The Problem with Perspectives
Image Credit: Annie Spratt
Each of us walk through life with a certain point of view. What we see, feel and observe all plays a role in how we interpret a situation. Unfortunately, it can sometimes be very difficult to understand how another person might view a situation—even the exact same situation.
While this happens on a small, day-to-day scale, this is also true about larger, current affairs. Helping your teen recognize different perspectives can lead them to develop empathy for and understanding of others. Teach them that age, gender, race, orientation, economic status and culture can all play significant roles in shaping a person’s perspective and that it can be helpful to consider what it’s like to “walk in another person’s shoes” when current affairs are particularly troubling. That way, they’ll be less likely to jump to harmful assumptions about others.
More Questions Than Answers
Another way that you can help your teen address troubling situations or sensitive topics is to consider that it’s better to ask questions than it is to give uninvited explanations or answers. Especially if there is a culture, religion or situation that they are unfamiliar with, encourage them to be open, curious and thoughtful. It’s better to take a posture of learning before teaching.

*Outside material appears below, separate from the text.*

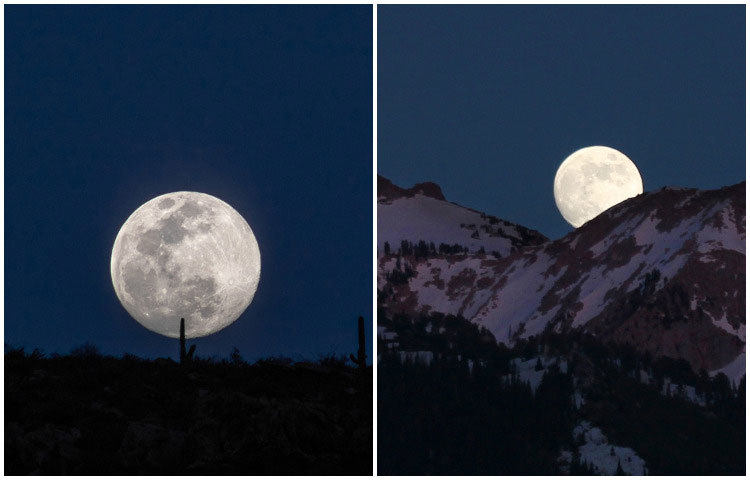 আজ দেখা যাবে ‘ফ্লাওয়ার’ সুপারমুন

Image Credit: Roberto Nickson
Sometimes the stories we hear in the news are scary, and they can impact us on a personal level. Perhaps our sense of security feels threatened or maybe we start to feel unsure about situations we were once comfortable with. Help your teen understand that sometimes media stories can be exaggerated and stir up more fear than is warranted. Let them know that they don’t have to worry about all the troubling scenarios they hear about—you and other loved ones are there to support them.
The Importance of Honesty
It can be tempting to want to shelter our kids from stories or scenarios that are troubling. However, operating with openness and honesty is the best way to help your teen deal with the reality of the world around us. Talk about what they see in the news and encourage them to ask questions—you might not have the answers, but you can open their minds to new ideas and views. At the end of the day, you have an opportunity to demonstrate ways that they can respond appropriately and maturely to these difficult situations.